Así, invocará el nombre del Señor, para que sus elementos se mantengan en la medida y la precisión que les convenga, para que la muralla conserve su asiento; invocará el nombre del Señor para que reaccionen los elementos superiores y fortifiquen continuamente esta muralla y esté protegida de toda degradación, para que pueda resistir mejor a sus enemigos; invocará el nombre del Señor para que el principio de su vida corporal colabore continuamente con la acción de sus elementos constitutivos y la reacción de los elementos superiores, de tal modo que su armonía los haga como inseparables y forme un triángulo poderoso e irresistible, sobre el cual no pueda tener ningún dominio el desorden; alimentará así a su ser elemental con la fuerza, la paciencia, la firme constancia, el valor, la elevación por encima de los males y los peligros, mientras note que este ser elemental solo es, en realidad, la muralla de la fortaleza y tenga que pensar, con no menos cuidado, en poner en situación de defensa y seguridad el cuerpo de la plaza.

Veamos, pues, a este hombre nuevo, en medio de su soledad, vagando unas veces por caminos apartados; sentado otras, abrumado por la amargura y vertiendo torrentes de lágrimas, o sumiéndose en la profundidad de sus pensamiento, siempre gimiendo, siempre deseando, siempre esperando los momentos de consuelo y de triunfo que se le han anunciado, siempre orando para que no desfallezca su esperanza, a pesar de la austeridad de su desierto, a pesar de la acidez de sus alimentos y a pesar de las rudas pruebas que debe sufrir a cada momento. Veámoslo, al mismo tiempo, defendiéndose siempre con medios simples y sacados siempre del amor y el respeto que tiene por su Dios. 

[…]

En principio, cuanto más fielmente se guarde y mantenga esta muralla en sus justas medidas, menor será la comunicación y el entendimiento entre los enemigos que están fuera y los habitantes mal intencionados que pudieran estar dentro del recinto. Hasta es posible que, al no poder comunicar con el enemigo e impresionados por el ejemplo de los ciudadanos que se mantienen fieles, se pongan voluntariamente del lado de la causa buena y, al unirse todas las fuerzas para la salud común de la fortaleza, se multipliquen entre los habitantes la prudencia, la sabiduría, las luces y el valor y descubrirán cada día nuevas claridades y nuevos recursos para desanimar a los sitiadores y hacer que suelten la presa y, posiblemente, exterminarlos cuando se presente la ocasión de luchar contra ellos cuerpo a cuerpo. 

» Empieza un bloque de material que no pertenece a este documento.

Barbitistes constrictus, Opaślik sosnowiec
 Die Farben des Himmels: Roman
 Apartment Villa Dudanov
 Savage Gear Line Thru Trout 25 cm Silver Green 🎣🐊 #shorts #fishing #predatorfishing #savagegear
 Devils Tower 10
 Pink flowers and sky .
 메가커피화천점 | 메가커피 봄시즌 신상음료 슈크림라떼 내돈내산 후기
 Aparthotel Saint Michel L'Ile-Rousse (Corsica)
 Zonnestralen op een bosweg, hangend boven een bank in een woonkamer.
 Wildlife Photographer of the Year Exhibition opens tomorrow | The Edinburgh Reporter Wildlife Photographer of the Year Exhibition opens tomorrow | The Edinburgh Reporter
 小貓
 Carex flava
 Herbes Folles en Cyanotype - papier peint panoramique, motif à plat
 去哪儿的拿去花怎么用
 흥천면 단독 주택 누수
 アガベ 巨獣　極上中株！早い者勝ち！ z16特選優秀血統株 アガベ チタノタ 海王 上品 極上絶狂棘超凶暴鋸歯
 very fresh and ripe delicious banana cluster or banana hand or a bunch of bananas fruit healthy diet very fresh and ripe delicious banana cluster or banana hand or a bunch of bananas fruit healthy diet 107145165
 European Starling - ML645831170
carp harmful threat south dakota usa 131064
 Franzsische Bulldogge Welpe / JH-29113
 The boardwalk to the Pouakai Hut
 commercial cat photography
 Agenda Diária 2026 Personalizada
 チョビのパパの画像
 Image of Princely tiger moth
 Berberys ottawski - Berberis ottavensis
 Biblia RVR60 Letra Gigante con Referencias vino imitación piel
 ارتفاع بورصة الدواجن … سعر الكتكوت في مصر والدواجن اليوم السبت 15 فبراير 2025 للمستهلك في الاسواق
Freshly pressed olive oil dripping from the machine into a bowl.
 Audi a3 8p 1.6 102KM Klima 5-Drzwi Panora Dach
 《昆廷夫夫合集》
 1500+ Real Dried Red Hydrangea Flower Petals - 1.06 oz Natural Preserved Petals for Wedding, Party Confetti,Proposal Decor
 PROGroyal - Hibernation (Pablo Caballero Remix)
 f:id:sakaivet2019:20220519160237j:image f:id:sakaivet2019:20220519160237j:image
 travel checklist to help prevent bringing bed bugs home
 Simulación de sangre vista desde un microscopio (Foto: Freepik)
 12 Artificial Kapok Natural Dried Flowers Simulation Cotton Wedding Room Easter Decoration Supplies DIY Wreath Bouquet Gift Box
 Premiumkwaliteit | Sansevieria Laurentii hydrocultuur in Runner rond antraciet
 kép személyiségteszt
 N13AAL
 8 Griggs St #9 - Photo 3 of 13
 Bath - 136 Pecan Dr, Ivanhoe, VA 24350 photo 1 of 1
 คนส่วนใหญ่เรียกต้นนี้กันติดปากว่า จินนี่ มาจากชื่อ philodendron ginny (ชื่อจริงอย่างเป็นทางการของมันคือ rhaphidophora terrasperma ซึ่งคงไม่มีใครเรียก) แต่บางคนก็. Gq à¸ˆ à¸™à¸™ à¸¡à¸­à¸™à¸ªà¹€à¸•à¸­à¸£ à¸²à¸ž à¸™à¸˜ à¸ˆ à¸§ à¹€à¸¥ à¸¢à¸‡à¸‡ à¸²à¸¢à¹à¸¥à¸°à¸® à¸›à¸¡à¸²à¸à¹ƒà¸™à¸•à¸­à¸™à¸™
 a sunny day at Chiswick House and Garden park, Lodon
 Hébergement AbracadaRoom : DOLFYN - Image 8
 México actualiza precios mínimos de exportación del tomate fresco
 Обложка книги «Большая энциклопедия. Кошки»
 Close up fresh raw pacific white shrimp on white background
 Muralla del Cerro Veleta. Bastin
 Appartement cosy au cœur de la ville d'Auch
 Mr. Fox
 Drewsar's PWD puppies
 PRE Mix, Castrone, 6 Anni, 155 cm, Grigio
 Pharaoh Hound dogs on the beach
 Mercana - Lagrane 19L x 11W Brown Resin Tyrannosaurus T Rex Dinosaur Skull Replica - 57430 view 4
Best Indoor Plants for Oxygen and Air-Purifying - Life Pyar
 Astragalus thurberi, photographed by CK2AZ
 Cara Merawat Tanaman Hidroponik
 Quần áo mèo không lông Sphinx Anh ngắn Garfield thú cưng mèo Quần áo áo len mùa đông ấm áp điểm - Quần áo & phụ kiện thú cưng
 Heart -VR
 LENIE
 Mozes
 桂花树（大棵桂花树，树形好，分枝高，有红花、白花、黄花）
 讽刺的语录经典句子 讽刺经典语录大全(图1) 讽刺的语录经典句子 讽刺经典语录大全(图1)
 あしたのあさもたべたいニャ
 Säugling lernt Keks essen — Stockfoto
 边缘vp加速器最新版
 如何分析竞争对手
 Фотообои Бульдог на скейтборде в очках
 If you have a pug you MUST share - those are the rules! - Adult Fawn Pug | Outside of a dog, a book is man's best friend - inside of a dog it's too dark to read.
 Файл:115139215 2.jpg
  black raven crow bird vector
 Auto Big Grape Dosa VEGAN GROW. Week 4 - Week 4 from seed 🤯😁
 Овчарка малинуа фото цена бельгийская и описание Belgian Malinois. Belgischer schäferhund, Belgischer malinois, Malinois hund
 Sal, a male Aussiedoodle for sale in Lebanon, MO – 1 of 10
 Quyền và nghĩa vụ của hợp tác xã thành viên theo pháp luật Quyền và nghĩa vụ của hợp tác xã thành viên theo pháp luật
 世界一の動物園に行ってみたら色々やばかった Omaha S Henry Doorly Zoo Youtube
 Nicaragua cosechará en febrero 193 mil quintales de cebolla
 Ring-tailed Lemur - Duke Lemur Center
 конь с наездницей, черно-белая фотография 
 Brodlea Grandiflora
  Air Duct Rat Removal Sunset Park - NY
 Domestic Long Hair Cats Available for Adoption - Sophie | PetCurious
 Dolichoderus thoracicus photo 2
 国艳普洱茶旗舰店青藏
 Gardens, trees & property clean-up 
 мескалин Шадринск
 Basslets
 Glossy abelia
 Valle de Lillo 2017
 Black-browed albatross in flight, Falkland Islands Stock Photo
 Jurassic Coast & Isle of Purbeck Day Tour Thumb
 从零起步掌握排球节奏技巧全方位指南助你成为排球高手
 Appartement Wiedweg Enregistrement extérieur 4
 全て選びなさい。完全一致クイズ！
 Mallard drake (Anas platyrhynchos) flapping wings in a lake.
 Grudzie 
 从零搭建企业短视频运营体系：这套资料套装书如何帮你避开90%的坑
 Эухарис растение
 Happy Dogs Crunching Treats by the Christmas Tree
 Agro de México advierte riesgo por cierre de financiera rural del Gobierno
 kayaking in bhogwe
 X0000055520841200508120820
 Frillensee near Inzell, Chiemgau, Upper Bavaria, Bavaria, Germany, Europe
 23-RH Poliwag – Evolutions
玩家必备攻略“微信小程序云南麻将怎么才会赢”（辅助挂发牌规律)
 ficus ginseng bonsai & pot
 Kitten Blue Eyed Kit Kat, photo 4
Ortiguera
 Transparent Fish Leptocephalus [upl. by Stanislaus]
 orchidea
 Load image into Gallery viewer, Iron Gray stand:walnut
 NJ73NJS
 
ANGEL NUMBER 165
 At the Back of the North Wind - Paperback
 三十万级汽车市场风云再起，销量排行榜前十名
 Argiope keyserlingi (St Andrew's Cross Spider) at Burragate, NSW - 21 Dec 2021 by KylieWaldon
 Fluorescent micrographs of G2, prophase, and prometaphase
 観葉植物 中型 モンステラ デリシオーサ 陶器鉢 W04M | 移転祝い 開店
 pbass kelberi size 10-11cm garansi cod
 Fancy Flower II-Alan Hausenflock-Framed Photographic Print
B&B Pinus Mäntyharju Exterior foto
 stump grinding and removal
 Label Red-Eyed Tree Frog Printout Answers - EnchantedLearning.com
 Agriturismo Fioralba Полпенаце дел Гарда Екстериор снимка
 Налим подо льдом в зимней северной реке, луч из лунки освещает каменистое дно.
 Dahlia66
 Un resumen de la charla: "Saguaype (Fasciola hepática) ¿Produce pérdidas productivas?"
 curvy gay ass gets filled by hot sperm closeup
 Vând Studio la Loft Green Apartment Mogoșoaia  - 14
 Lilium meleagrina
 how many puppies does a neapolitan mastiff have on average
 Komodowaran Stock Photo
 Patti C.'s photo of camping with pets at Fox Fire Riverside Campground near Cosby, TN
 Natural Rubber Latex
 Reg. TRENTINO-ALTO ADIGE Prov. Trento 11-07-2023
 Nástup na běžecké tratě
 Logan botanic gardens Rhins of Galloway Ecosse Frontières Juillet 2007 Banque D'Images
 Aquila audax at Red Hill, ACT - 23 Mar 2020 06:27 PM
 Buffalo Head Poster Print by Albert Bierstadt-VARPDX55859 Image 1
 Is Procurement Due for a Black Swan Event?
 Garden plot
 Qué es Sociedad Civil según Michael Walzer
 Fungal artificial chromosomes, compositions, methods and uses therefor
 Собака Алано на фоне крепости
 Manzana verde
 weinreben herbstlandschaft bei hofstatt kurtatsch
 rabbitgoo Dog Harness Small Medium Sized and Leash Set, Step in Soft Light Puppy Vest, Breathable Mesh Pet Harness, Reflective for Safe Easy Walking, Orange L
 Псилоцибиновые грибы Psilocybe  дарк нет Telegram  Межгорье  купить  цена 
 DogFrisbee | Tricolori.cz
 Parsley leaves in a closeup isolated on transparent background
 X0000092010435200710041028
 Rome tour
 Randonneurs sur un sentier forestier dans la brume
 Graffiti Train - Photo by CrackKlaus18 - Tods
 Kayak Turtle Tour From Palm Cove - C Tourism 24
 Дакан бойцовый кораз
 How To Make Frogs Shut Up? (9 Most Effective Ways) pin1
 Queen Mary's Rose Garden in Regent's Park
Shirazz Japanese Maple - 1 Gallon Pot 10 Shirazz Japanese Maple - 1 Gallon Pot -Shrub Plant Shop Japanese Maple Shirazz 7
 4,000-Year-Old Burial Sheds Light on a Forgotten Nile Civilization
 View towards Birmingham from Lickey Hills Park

En segundo lugar, como todas estas fuerzas y estas luces no pueden encontrarse en el hombre nuevo si no es porque le vienen de la vía superior por las diversas progresiones de la sabiduría y por el uso sagrado que el hombre tiene la fortuna de hacer de ellas, el buen estado de la muralla de la fortaleza puede favorecer y secundar la aproximación de estos socorros, pues hemos visto que nuestro Dios era un ser activo y efectivo y que procuraba que penetrase por todas partes su actividad y su efectividad; pero, por la ley de las analogías, de la que es a la vez modelo y origen, solo puede unirse a la actividad y a la efectividad. Por tanto, sólo en la medida en que tratamos de acumular la actividad espiritual y efectiva en nuestros elementos por la invocación del nombre del Señor, la actividad divina puede comunicarse en nuestro interior y desarrollarse allí de un modo útil y real. 

Antes de que esta actividad divina pueda descender y establecerse en nosotros de una forma provechosa, necesita encontrar órganos activos y lo suficientemente llenos de fuerza para poder corresponder a todos sus movimientos y realizar en su medida los planes que ella trace en gran escala en la suya. Finalmente, y no basta por mucho que se repita, es preciso que el hombre nuevo sea sacrificado, regenerado, espiritualizado y hasta divinizado para que la acción divina pueda descender a él con alegría, con las seguridad de encontrar en él la morada que le conviene, donde su gloria, sus poderes y todos sus tesoros no estén expuestos a quedarse sin frutos o a que los robe el enemigo".